After her husband died (and she spent a few days in jail for neglecting his corpse) Frances pulled Malcolm out of boarding school, presumably because she needed a satellite to dote on her. Malcolm has since outgrown the role and banters with his mother in a private deadpan code that, for all its superficial cattiness, retains a certain residual warmth.
Frances has never treated Malcolm as a child, which might have robbed him of something but relieved him of childhood. Their odd couple-ness bespeaks the solidarity of twins and maybe even a chaste version of the inter-generational romance of Bud Cort and Ruth Gordon in "Harold and Maude," Hal Ashby's dark comedy from 1971.
Privileged and prideful, these two have never asked anyone's permission for anything, and even as their money dwindles they continue living in the style to which they have been accustomed. Frances pays for coffee with 100-euro notes and doesn't wait for change. Sensing, perhaps, kindred defiant spirits in the ranks of the homeless, she pushes bills on them. The money will not last, but neither will the life.
Still, there might be an afterlife. During the crossing, Malcolm has an encounter with forthright shipboard psychic Madeleine (Danielle Macdonald), whose refusal to elide the bad news from the fortunes she tells lands her in the ship's brig.
She'll turn up again in Paris to lead a couple of seances in which the missing Small Frank -- who, having been smuggled into France, runs off after Frances apparently tries to strangle him -- speaks in the disembodied voice of Big Frank.
Soon after they arrive in Paris, Frances and Malcolm are invited to a party at the home of widowed American expatriate Madame Reynard (Valerie Mahaffey); when they turn up, they're taken aback to find they are the only guests. Though Frances' first instinct is to be nasty, she's disarmed by Reynard's simple and sincere explanation when asked why she'd invite strangers into her home: "I'm lonely, " she says.
It's not long before Frances and Malcolm have attracted a strange sort of family to their flat. Madeline camps out there, as does (for some reason never explained) Julius (marvelous Isaach De Bankolé), the private investigator Frances hires to track down her missing cat. Malcolm's longtime girlfriend Susan (Imogen Poots), to whom he'd just become engaged before learning of his financial reversal, shows up with her new uber-capitalist boyfriend, and Madame Reynard is always around. Then the apartment's owner Joan (Susan Coyne) arrives.
It gets crowded in there -- at times "French Exit" begins to feel more like weak Wes Anderson than anything else.
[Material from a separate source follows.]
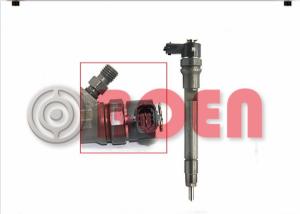 Quality Original 0445110317 Common Rail Injector Nozzles 0433172055 DLLA145P1720 wholesale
There is a wide shot rather late in the movie when all the characters named above are arranged across the screen, nudged forward or backward in the depth of field, posed just so, lounging or leaning or otherwise captured in an attitude of attention that you can sense the director and art director, huddled over the iPad monitor, moved this teacup or that book incrementally to the left or right.
Still, in its best moments, when Pfeiffer plays the highly performative Frances as someone who doesn't know how to act except as a cliché, there's a wonderful vitality to "French Exit." This character is not a caricature, though she may have been purposefully written as one.
Frances is enlivened by an intelligence and the desperation that is most desperate not to show itself. There's a scene in a cafe where Malcolm asks for the check in bad French, which may be why the waiter decides that moment to take a smoke break, glaring at his American customers as he aggressively puffs away.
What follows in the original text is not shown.